◆ Exercise description ◆
A faithful copy is required. Print each line of the data exactly and omit the pictures.

Brief descriptive captions:
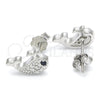 Sterling Silver Stud Earring, with Black and White Cubic Zirconia, Polished, Rhodium Finish, 02.336.0086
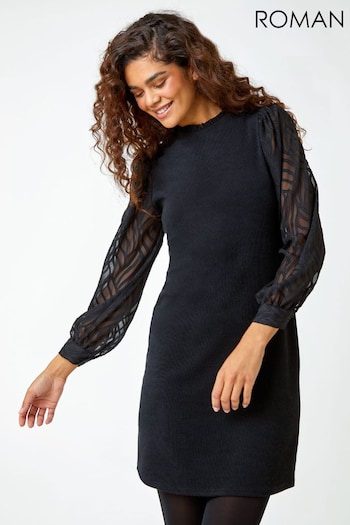 Roman Black Contrast Chiffon Sleeve Stretch Dress (Q55782) | £40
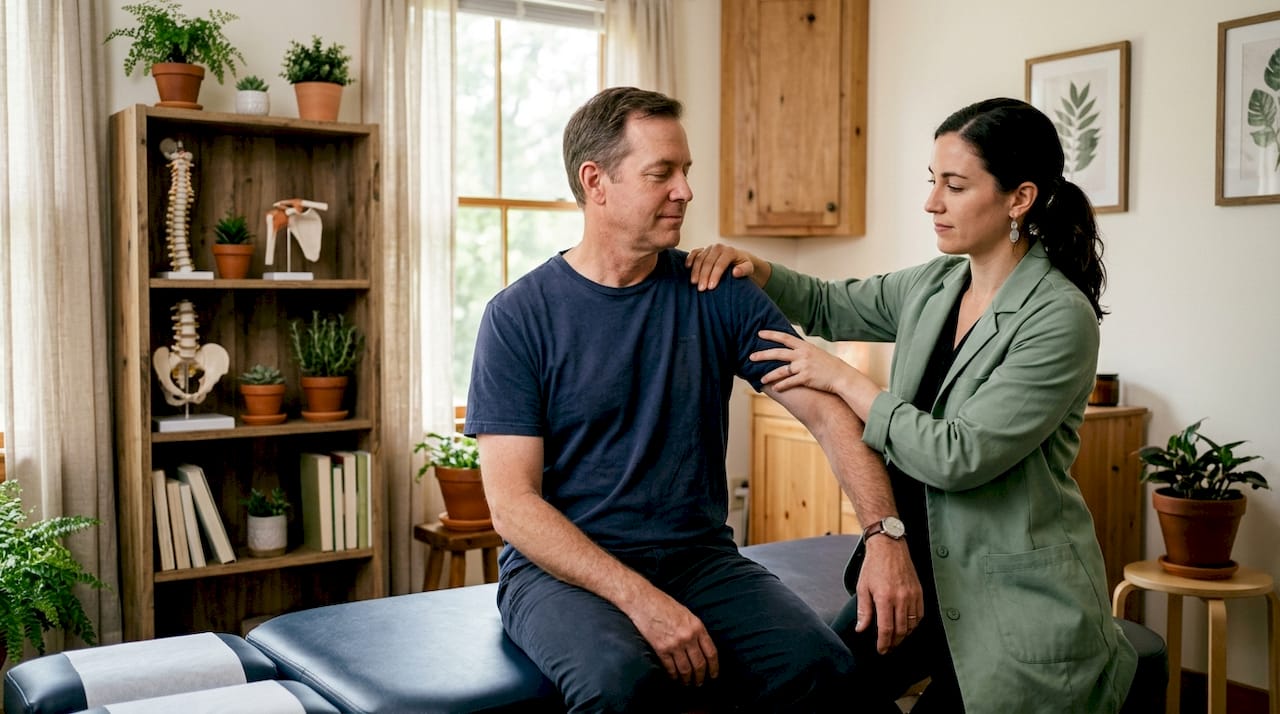 Osteopathic physician performing manual therapy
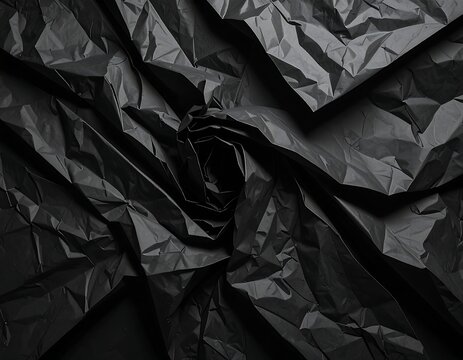Black crumpled paper texture forms a swirling and abstract backdrop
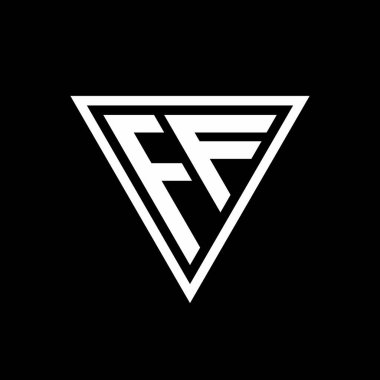 Siyah arkaplan geometrik vektör simgesinde izole edilmiş tirangle şekilli FF logo monogramı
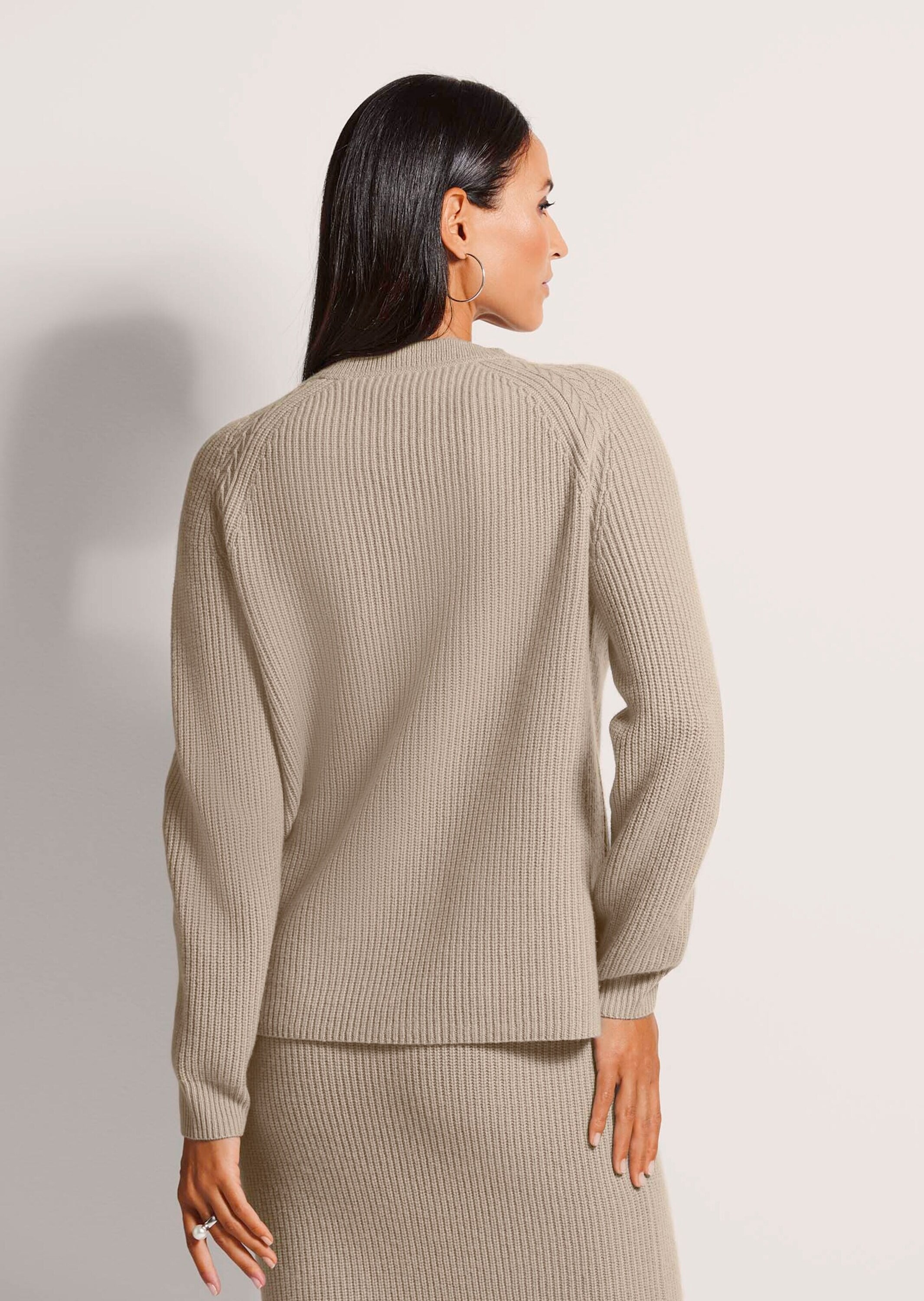 MADELEINE Longpullover »Pullover Langarm V-Ausschnitt-Pullover Strick«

◆ Reply to the exercise ◆
 Sterling Silver Stud Earring, with Black and White Cubic Zirconia, Polished, Rhodium Finish, 02.336.0086
 Roman Black Contrast Chiffon Sleeve Stretch Dress (Q55782) | £40
 Osteopathic physician performing manual therapy
Black crumpled paper texture forms a swirling and abstract backdrop
 Siyah arkaplan geometrik vektör simgesinde izole edilmiş tirangle şekilli FF logo monogramı
 MADELEINE Longpullover »Pullover Langarm V-Ausschnitt-Pullover Strick«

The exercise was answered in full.